Besides the name most amenable to reconstruction a number of epithets of the dawn goddess may be reconstructed with some certainty. Among these is *wenos- (also an s-stem), whence Sanskrit vanas “loveliness; desire”, used of Uṣas in the Rigveda, and the Latin name Venus and the Norse Vanir.
Aya in Akkadian mythology was a mother goddess, consort of the sun god Shamash. She developed from the Sumerian goddess Sherida, consort of Utu. Aya is Akkadian for “dawn”, and by the Akkadian period she was firmly associated with the rising sun and with sexual love and youth.
Maat or Ma’at (“truth, justice”) refers to the ancient Egyptian concepts of truth, balance, order, harmony, law, morality, and justice. Maat was also the goddess who personified these concepts, and regulated the stars, seasons, and the actions of mortals and the deities who had brought order from chaos at the moment of creation. Her ideological opposite was Isfet, meaning injustice, chaos, violence or to do evil.
After her role in creation and continuously preventing the universe from returning to chaos, her primary role in Egyptian mythology dealt with the weighing of souls (also called the weighing of the heart) that took place in the underworld, Duat.

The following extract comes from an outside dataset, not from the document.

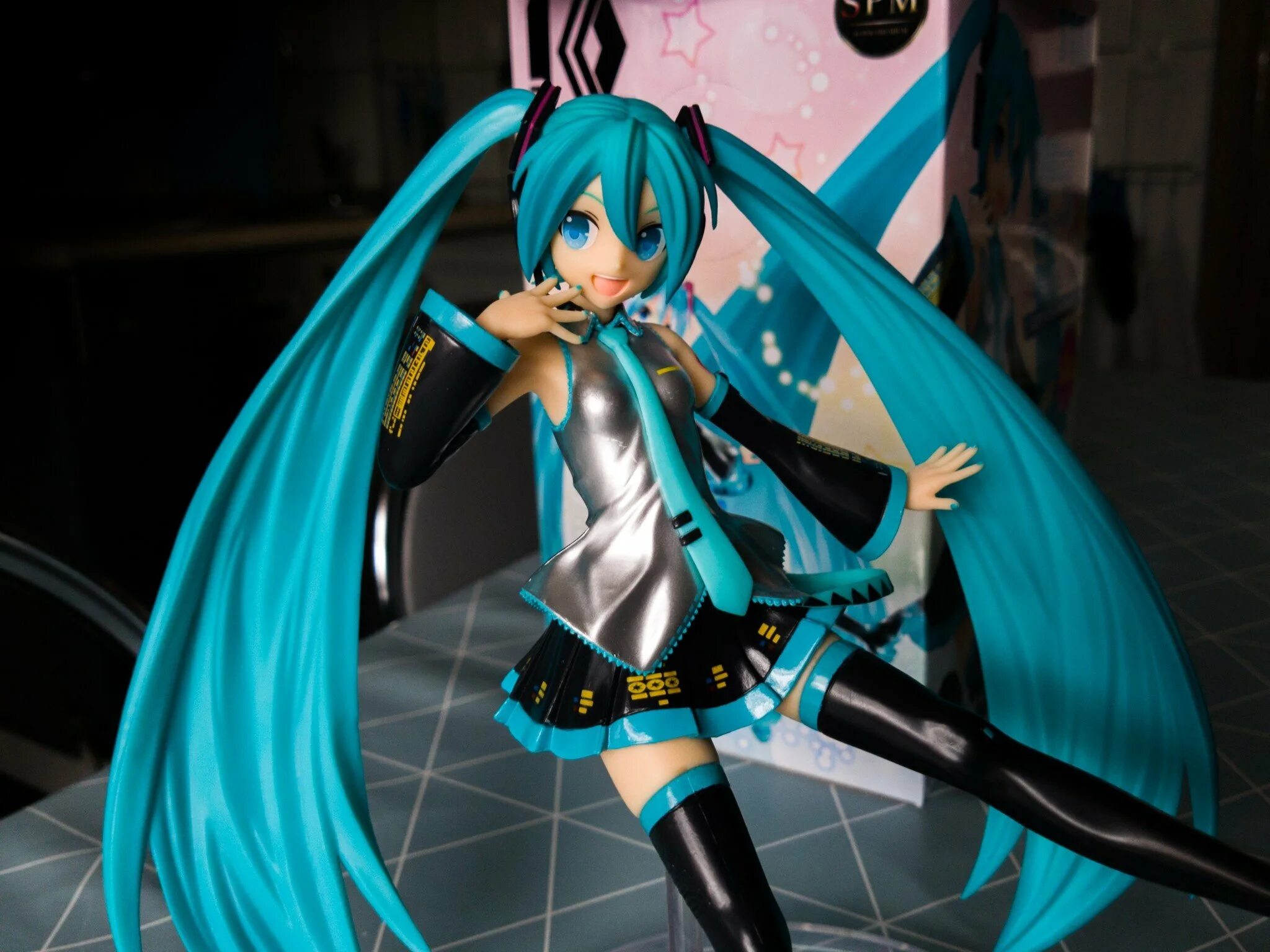 Хатсуне мику сколько. Хатсуне Мику. Hatsune Miku: Project Diva. Мику Хацунэ 19+. Sega Хацунэ Мику.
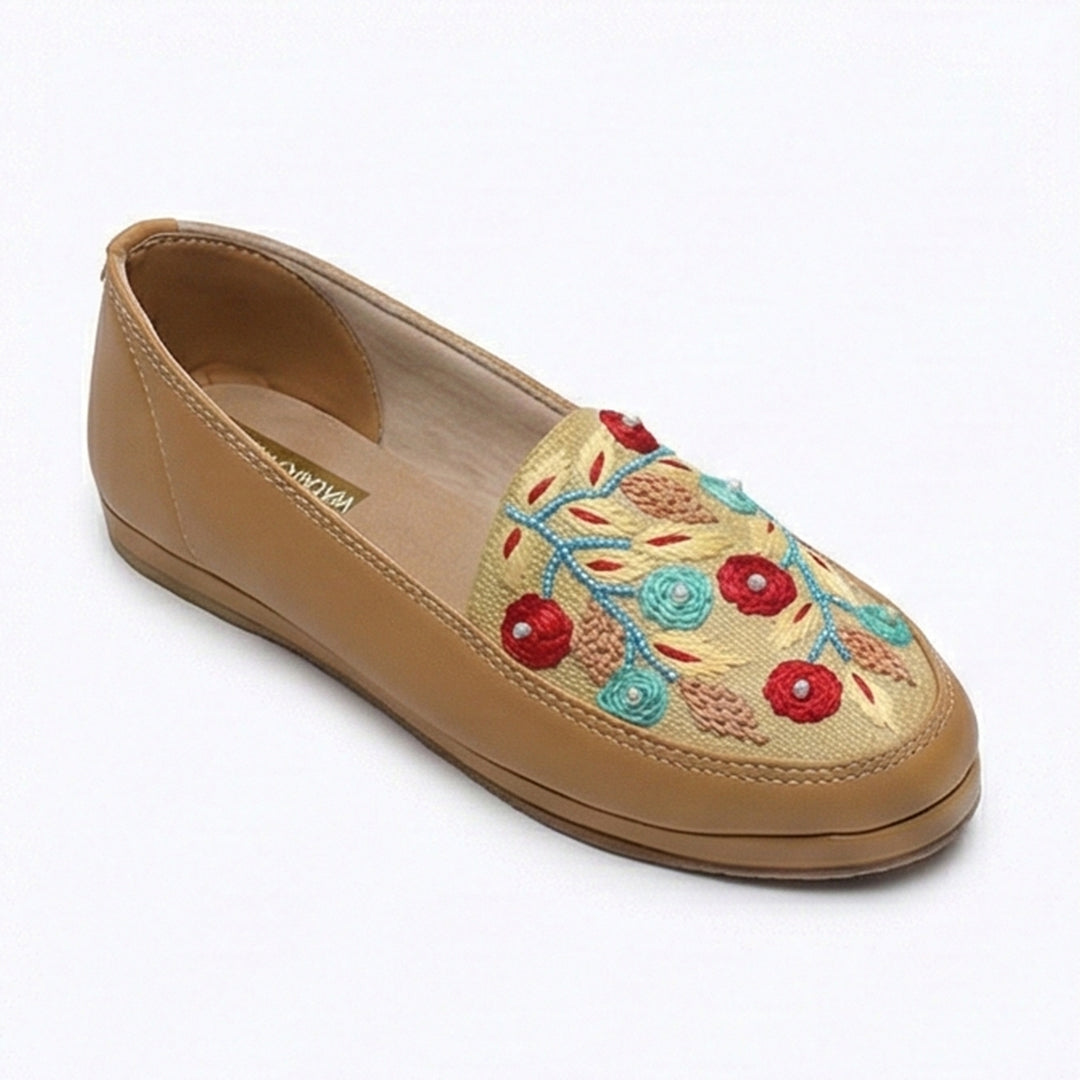 Thread Embroidery Handwork Brown Loafer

Her feather was the measure that determined whether the souls (considered to reside in the heart) of the departed would reach the paradise of afterlife successfully.
The earliest surviving records indicating that Maat is the norm for nature and society, in this world and the next, were recorded during the Old Kingdom. Later, as a goddess in other traditions of the Egyptian pantheon, where most goddesses were paired with a male aspect, her masculine counterpart was Thoth, as their attributes are similar.
In other accounts, Thoth was paired off with Seshat, goddess of wisdom, knowledge, writing and measure, who is a lesser known deity. Spell 10 of the Coffin Texts states “Seshat opens the door of heaven for you.” She was seen as a scribe and record keeper, and her name means she who scrivens (i.e. she who is the scribe), and is credited with inventing writing.
Thoth played many vital and prominent roles in Egyptian mythology, such as maintaining the universe, and being one of the two deities (the other being Ma’at) who stood on either side of Ra’s boat. In the later history of ancient Egypt, Thoth became heavily associated with the arbitration of godly disputes, the arts of magic, the system of writing, the development of science, and the judgment of the dead.